Fintech italiano in fase di maturazione ma ancora distante da uno sviluppo competitivo a livello internazionale: è questa la fotografia scattata dal nuovo studio “Founders vs Investors: two faces of Fintech funding”, realizzato da EY e Fintech District. La ricerca evidenzia un ecosistema in evoluzione, ma ancora ostacolato da dinamiche complesse che rallentano l’accesso ai capitali e la scalabilità dei modelli di business.
Un ecosistema che fatica a decollare del tutto
Nel 2024, le startup Fintech attive in Italia sono circa 600. Tuttavia, la raccolta di capitali ha subito una contrazione rispetto al picco del 2022, quando si raggiunse 1 miliardo di euro. Nei due anni successivi, i numeri sono crollati: appena 174 milioni nel 2023 e 250 milioni nel 2024. Il problema principale? La difficoltà di accesso al capitale, soprattutto nelle fasi iniziali.

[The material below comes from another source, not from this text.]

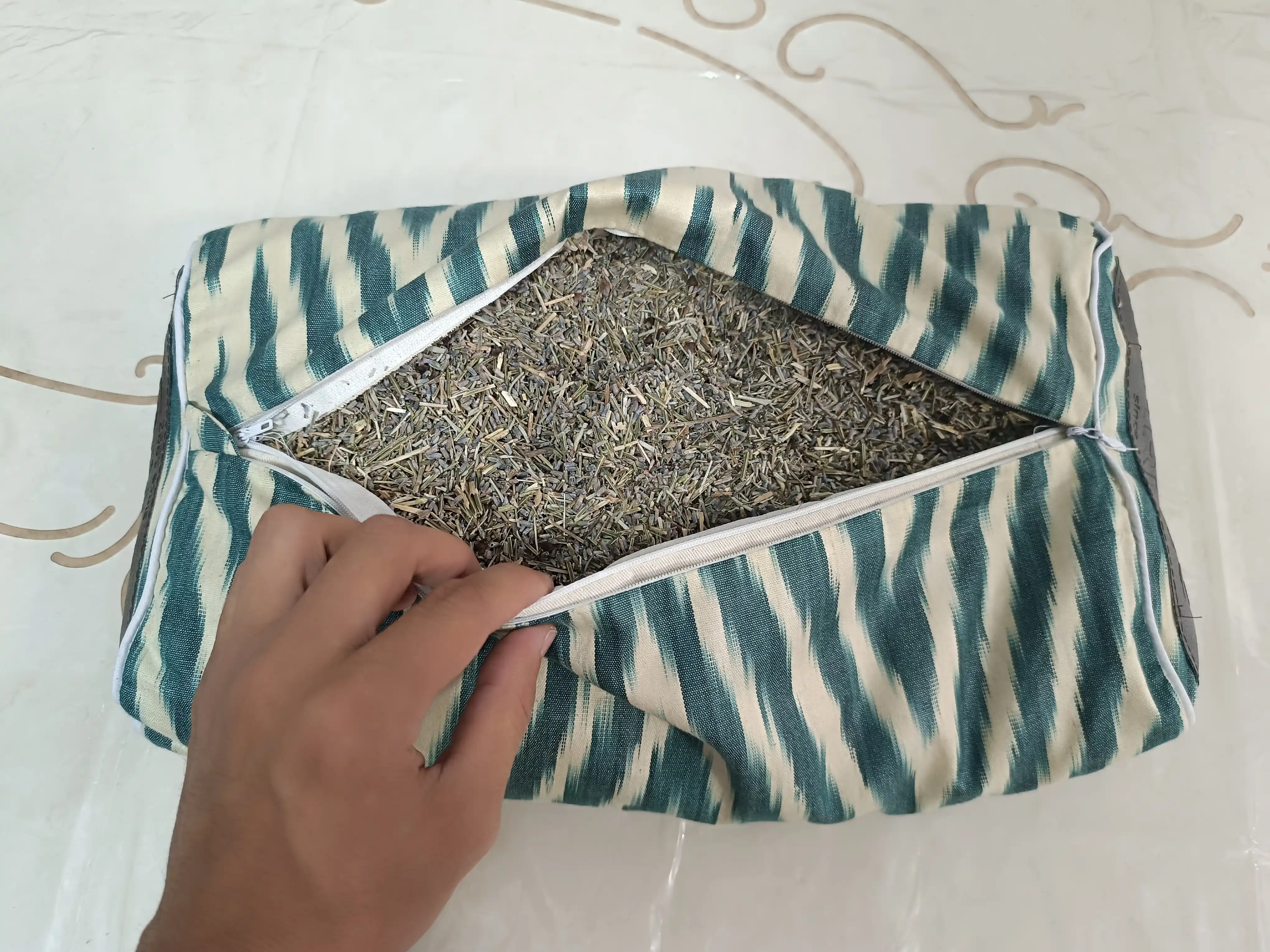 Lavanda yostiq, Doctor Ali, antistress, shifobaxsh yostiqcha, aromaterapiya uyqu uchun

La marginalità del settore tra le priorità degli investitori è evidente: oltre un terzo dei portafogli ha asset allocati inferiori a 500.000 euro. E mentre UK, Francia e Spagna avanzano, l’Italia resta indietro, tanto per numero di startup quanto per capacità attrattiva verso i capitali.
Founder e investitori: due visioni divergenti
Lo studio rivela una frattura tra le aspettative delle startup e i criteri degli investitori. I founder desiderano decisioni rapide e supporto strategico; gli investitori, al contrario, cercano progetti ambiziosi, modelli scalabili e forte leadership.
Il 75% dei founder ritiene fondamentali le competenze tech, mentre altrettanti investitori danno priorità alla capacità di leadership. Inoltre, la compliance si conferma centrale: il 68% degli investitori e il 52% dei founder la considerano un fattore decisivo.
Network e contatti: il vero capitale
Un altro elemento emerso con forza è il ruolo del network: il 75% dei founder e l’80% degli investitori ha trovato la controparte per il deal tramite relazioni personali. L’insuccesso nella raccolta, spesso, è legato non a una mancanza di fondi, ma a una carenza di connessioni strategiche.
Il 29% delle Fintech senza finanziamento ha tentato un round senza successo e, di queste, il 38% cita proprio l’assenza di contatti come principale ostacolo.
Capitale domestico, preferenza internazionale
Sebbene il 90% dei fondi raccolti provenga da investitori italiani, metà dei founder preferisce l’approccio degli investitori esteri, più rapidi nei processi e nelle decisioni. Anche tra gli investitori si registra una crescente preferenza per startup internazionali, considerate più pronte alla scalabilità.
Verso un nuovo ciclo di investimenti
C’è però un cauto ottimismo: il 66% dei founder e il 55% degli investitori prevede un nuovo round di equity entro metà 2026. L’interesse verso fondi VC (67%) e CVC (53%) cresce, a conferma della ricerca di capitale strategico e non solo finanziario.
Andrea Ferretti (EY) sottolinea come la distanza tra aspettative debba essere colmata con mentorship e confronto. Clelia Tosi (Fintech District) invita a cogliere i segnali di ripresa per avviare una fase di consolidamento e crescita.